МЕДИНСКИЙ: Городского — да. Но, тем не менее, такого как бы отпетого радикализма нет. А вот дальше, с лета 1918 года начинается уже гораздо более жёсткая политика. Итак, август 1918 года — декрет «О конфискации частной промышленности…» — то есть это почти спустя год после переворота — «…и социализации частного жилого фонда в городах». Что имеется в виду? Национализация квартир.
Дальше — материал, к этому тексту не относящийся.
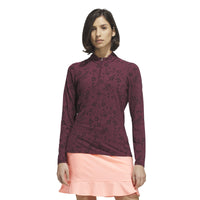Adidas Ultimate365 Cool Feeling Printed Quarter-Zipper Mock Neck Top - Maroon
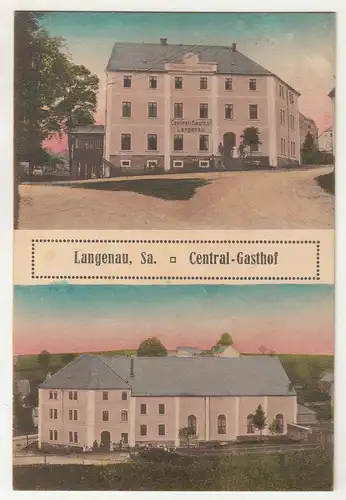 Kolo. Litho Ak Langenau Sa. Central - Gasthof 1918 (A3608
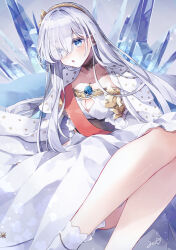 Rule 34 | 1girl, absurdres, anastasia (fate), asymmetrical bangs, black choker, blue eyes, blush, breasts, cape, choker, cleavage, cleavage cutout, clothing cutout, commentary, dress, embarrassed, fate/grand order, fate (series), grey hair, hair over one eye, hairband, highres, ice, jewelry, lace, lace choker, large breasts, long dress, long hair, misaki346, open mouth, pendant, solo, strapless, strapless dress, very long hair, white cape, white dress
То есть именно тогда, в августе 1918 года, мы потеряли право частной собственности на жильё, которое было восстановлено только после Перестройки.

БОНДАРЕНКО: Да.

МЕДИНСКИЙ: С этого момента можно было иметь частный дом, а в Советском Союзе мы имели свои шесть соток, и в товариществе можно было иметь дом площадью шесть на шесть, высотой не более, по-моему, три с половиной метра или два с половиной, какие там были ограничения, но площадью шесть на шесть, не больше. А вот квартиры были государственными.

БОНДАРЕНКО: Да. В Советском Союзе вообще словосочетания «частная собственность» не существовало.

МЕДИНСКИЙ: Нет, были ещё кооперативные квартиры, но это уже потом, в развитом социализме.

БОНДАРЕНКО: Была только личная собственность.

МЕДИНСКИЙ: Да. Итак, это с августа 1918 года. Интересно. Так, с сентября 1918 года — декрет «О красном терроре». Мы об этом подробно говорили в одной из наших радиопередач, поэтому повторяться не будем. С красным террором, конечно, большевики переборщили. Итак, осень 1918 года — вот это интересно для нас как экономической радиостанции в какой-то степени — вводится так называемый военный коммунизм. А вот что такое военный коммунизм, к большому сожалению, мы не помним. А давайте напомним, что военный коммунизм — это отмена товарно-денежных отношений.

БОНДАРЕНКО: Да, отмена денег как таковых.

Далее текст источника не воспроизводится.